═════ GIVEN MATERIAL

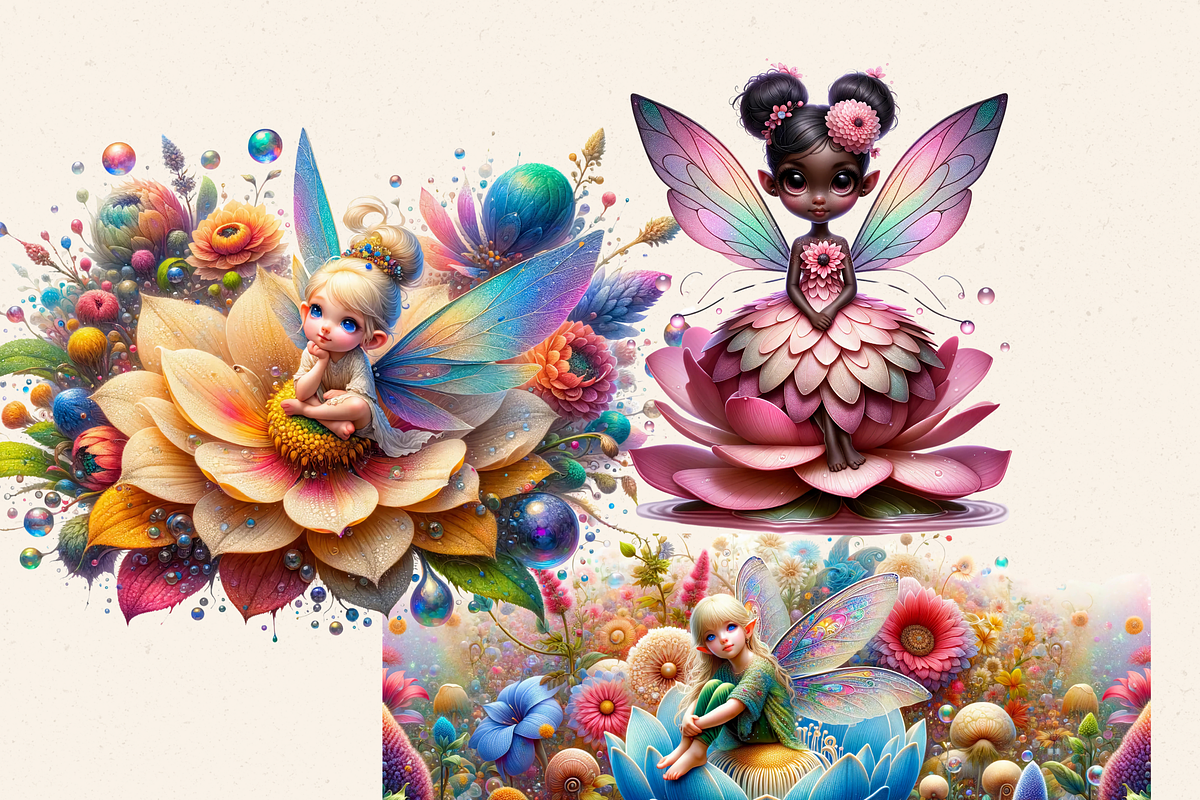 LOTUS MAGICAL FAIRIES CLIPART, a Person Illustration by Daring Digies (Photo 4 of 11)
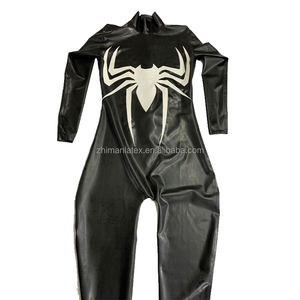 Print Patroon Latex Prestatie Volledige Cover Catsuit Volwassen Bodysuit Zentai Rits Kruis Halloween Spider Pak - Product Image 1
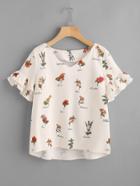 Romwe Layered Ruffle Sleeve Stepped Hem Botanical Top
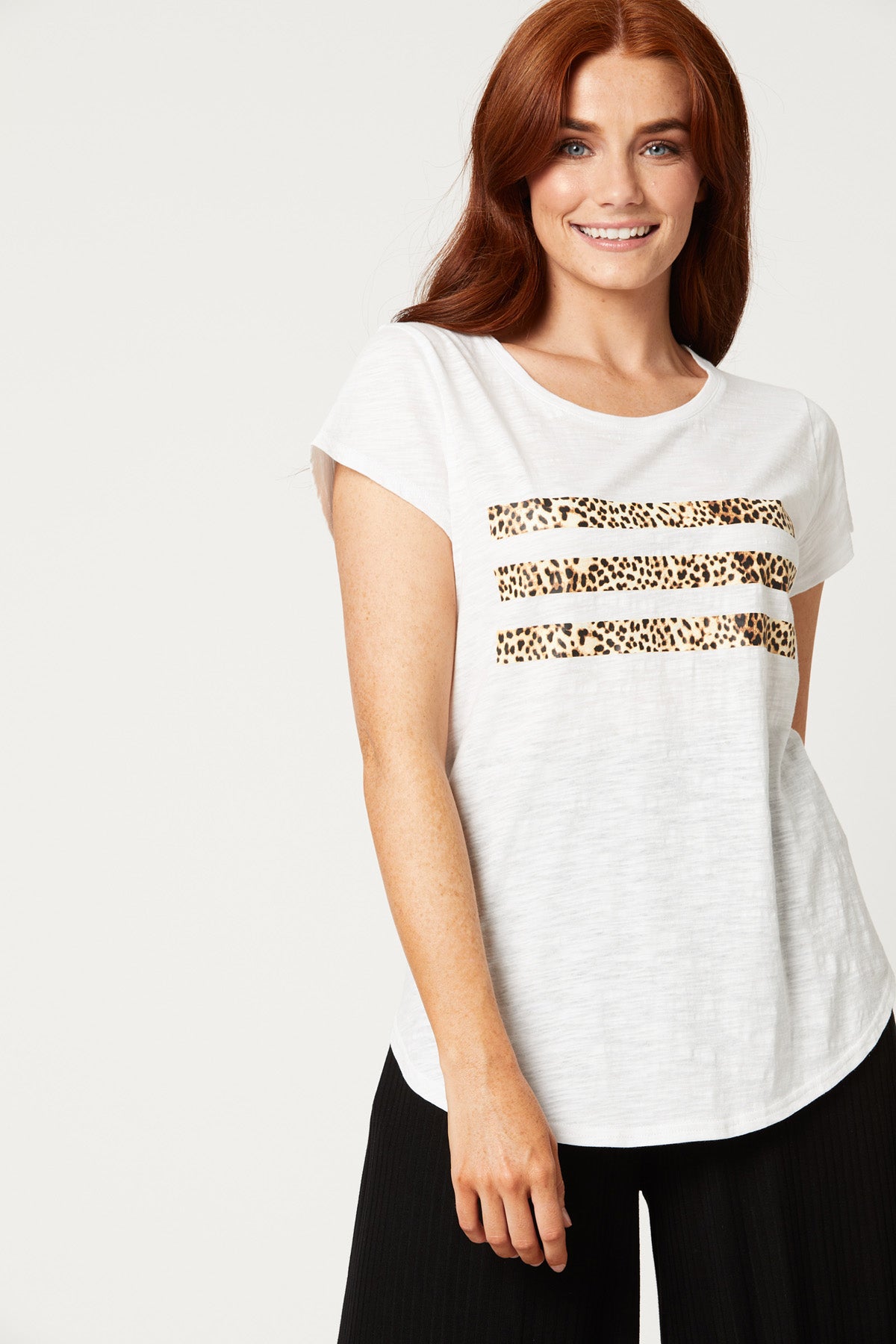 Lioness Tshirt - White / Cheetah - eb&ive Clothing - Top Tshirt Fitted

══════════

**WORK TO BE COMPLETED:**
Now repeat exactly the lines from the one with "Romwe Layered Ruffle" through the end of the listing above, both included, omitting all pictures.

**WRITTEN SOLUTION:**
 Romwe Layered Ruffle Sleeve Stepped Hem Botanical Top
 Lioness Tshirt - White / Cheetah - eb&ive Clothing - Top Tshirt Fitted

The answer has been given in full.